Data records:

_ _ _ _ _

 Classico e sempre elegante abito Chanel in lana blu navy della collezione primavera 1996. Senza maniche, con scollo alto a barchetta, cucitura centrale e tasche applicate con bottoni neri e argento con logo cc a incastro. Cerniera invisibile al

_ _ _ _ _

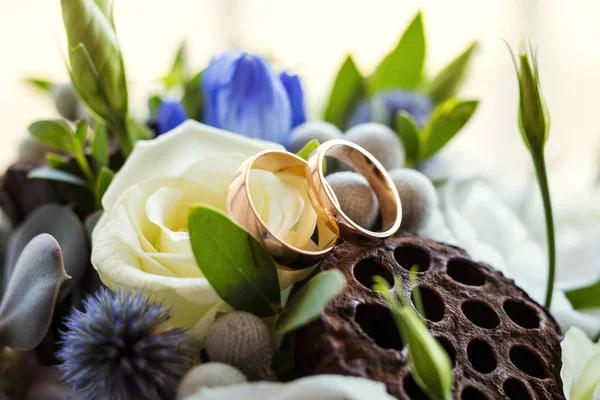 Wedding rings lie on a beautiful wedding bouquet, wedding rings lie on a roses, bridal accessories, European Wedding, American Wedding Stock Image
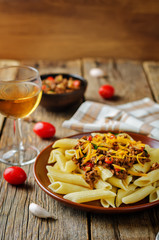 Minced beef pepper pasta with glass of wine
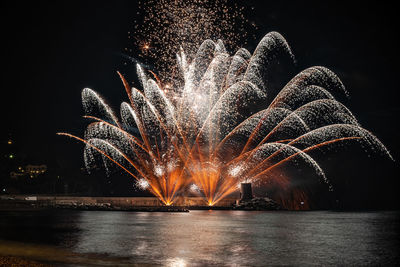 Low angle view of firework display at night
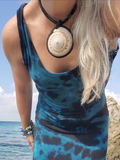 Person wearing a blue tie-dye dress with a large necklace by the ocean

_ _ _ _ _

Problem: In the listing above, find the line containing "Minced beef pepper pasta with glass of wine" and the line containing "Person wearing a", then return both of them and every line between, exactly, without pictures.

Reply:
 Minced beef pepper pasta with glass of wine
 Low angle view of firework display at night
 Person wearing a blue tie-dye dress with a large necklace by the ocean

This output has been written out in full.